- **Task statement**:
Could you repeat the records below exactly, leaving out any pictures?

*** Opening Given entries ***

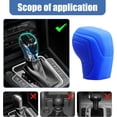 thumbnail image 3 of 2 fundas para perilla de palanca de cambios de coche, protección de cambio automático de silicona elástica, protector antideslizante para palanca de cambios de perilla automática, (azul), 3 of 5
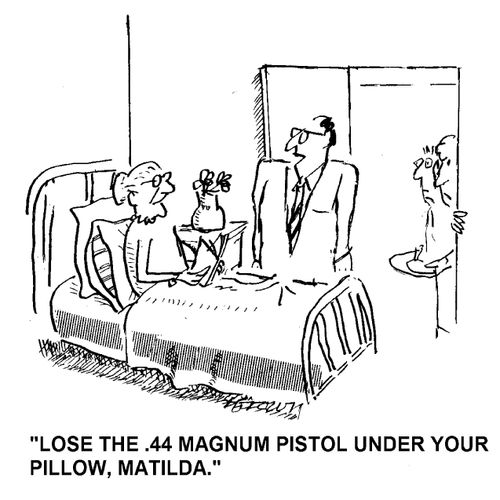 Gun-toting granny.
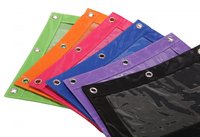 Pochette à crayons multifonctionnelle Gelory Oxford légère, couleur personnalisable, fermeture éclair, 3 anneaux, fenêtre transparente, sac de papeterie, classeur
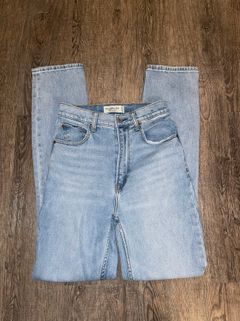 abercrombie straight leg 90s jeans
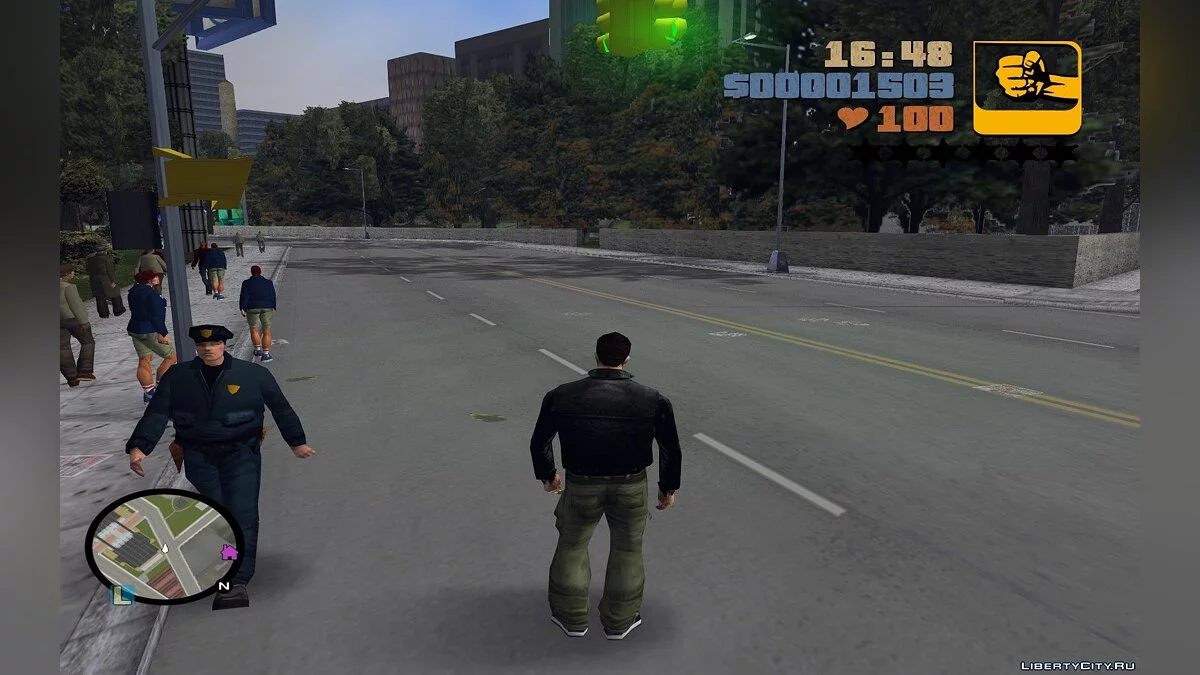HD радар у стилі супутника / GTA 3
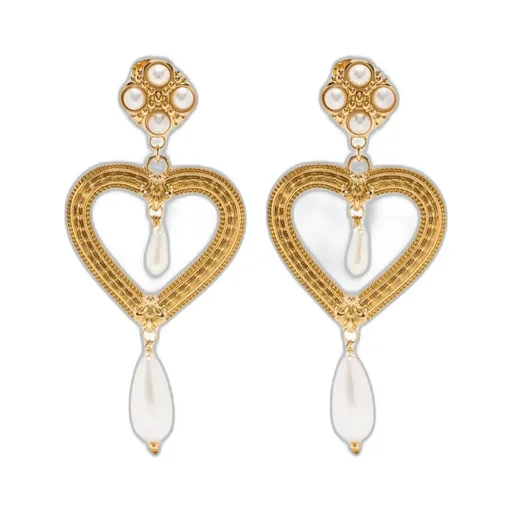 Heart-Shaped Earrings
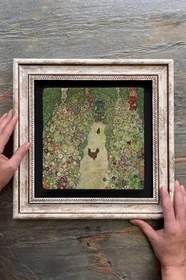 Resim Oscar Stone Decor Çerçeveli Tablo Taş Duvar Dekoru 30 X 30 Cm Gustav Klimt Tablosu Cdd3030-1421 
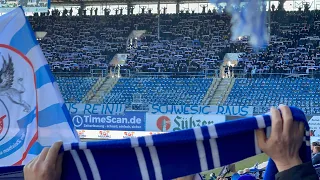 Support im Spiel F.C. Hansa Rostock – 1. FC Nürnberg (26.02.2022)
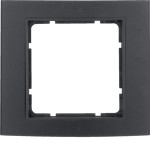 Berker 10113005 Rahmen 1-fach B.3 Alu schwarz/anthrazit 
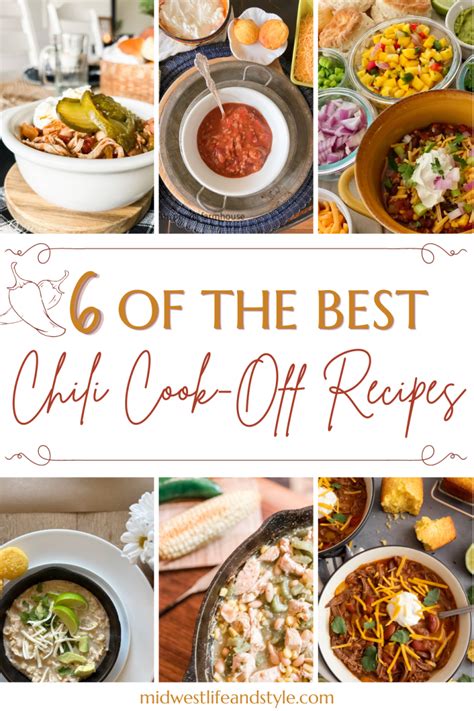 6 Of The Best Recipes For A Chili Cook-Off - Midwest Life and Style Blog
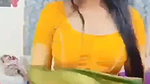 Beautiful girl stripping sari and rubbing her pussy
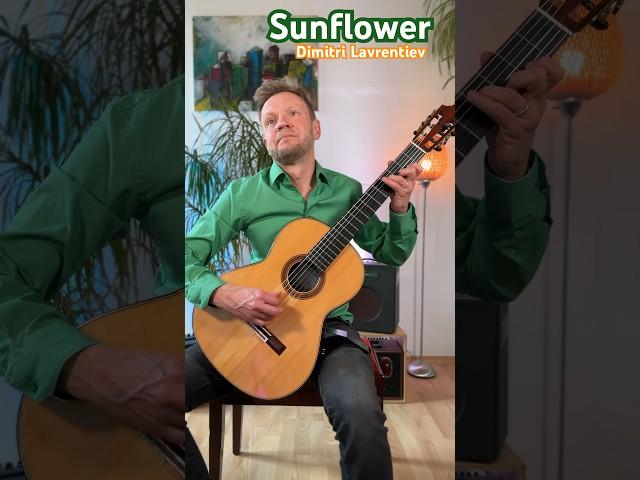 Sunflower - composed by Dimitri Lavrentiev #guitar #music #flow #sunflower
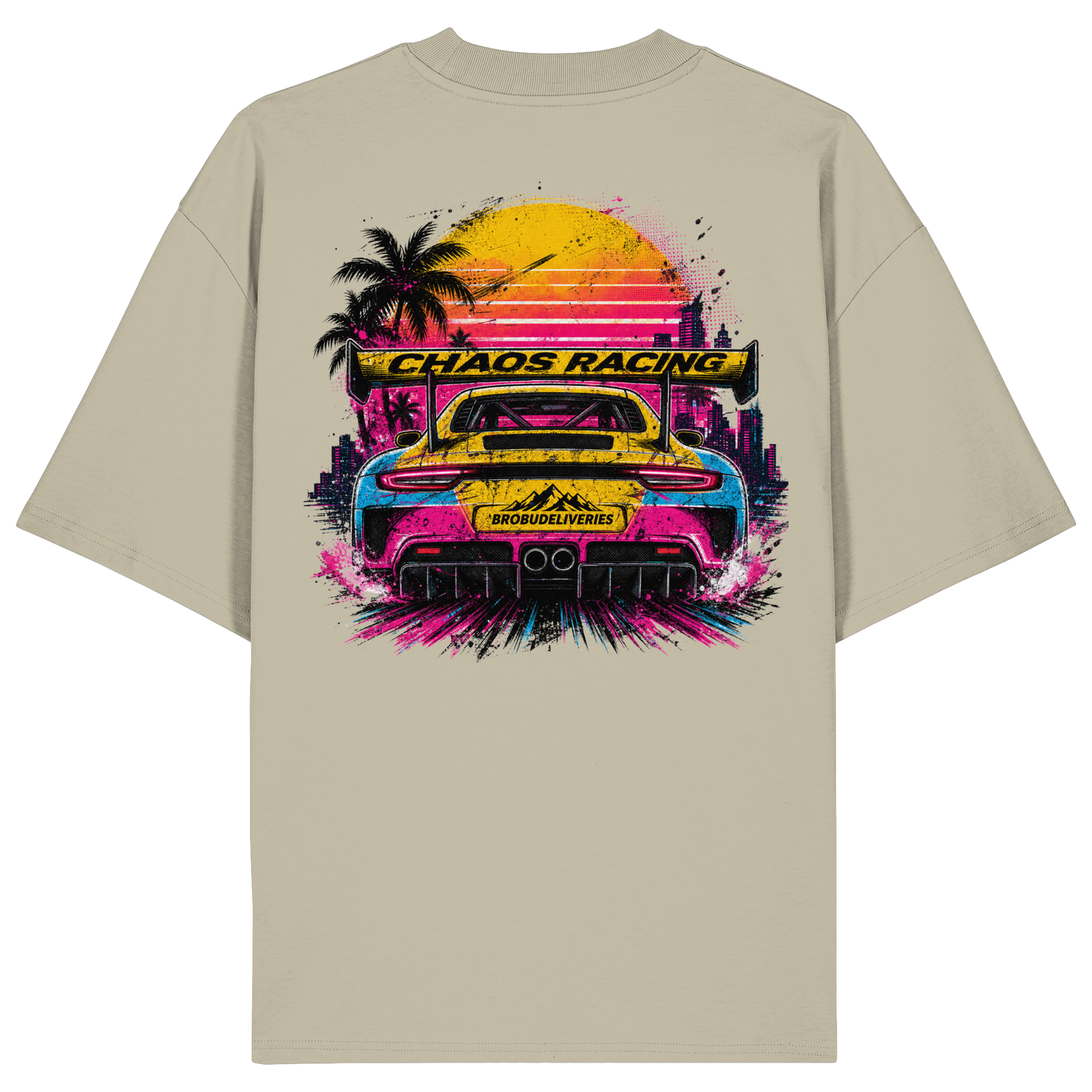 Chaos Racing 04  - Organic Oversize Shirt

*** Closing Given entries ***

- **Finished task**:
 thumbnail image 3 of 2 fundas para perilla de palanca de cambios de coche, protección de cambio automático de silicona elástica, protector antideslizante para palanca de cambios de perilla automática, (azul), 3 of 5
 Gun-toting granny.
 Pochette à crayons multifonctionnelle Gelory Oxford légère, couleur personnalisable, fermeture éclair, 3 anneaux, fenêtre transparente, sac de papeterie, classeur
 abercrombie straight leg 90s jeans
HD радар у стилі супутника / GTA 3
 Heart-Shaped Earrings
 Resim Oscar Stone Decor Çerçeveli Tablo Taş Duvar Dekoru 30 X 30 Cm Gustav Klimt Tablosu Cdd3030-1421 
 Support im Spiel F.C. Hansa Rostock – 1. FC Nürnberg (26.02.2022)
 Berker 10113005 Rahmen 1-fach B.3 Alu schwarz/anthrazit 
 6 Of The Best Recipes For A Chili Cook-Off - Midwest Life and Style Blog
 Beautiful girl stripping sari and rubbing her pussy
 Sunflower - composed by Dimitri Lavrentiev #guitar #music #flow #sunflower
 Chaos Racing 04  - Organic Oversize Shirt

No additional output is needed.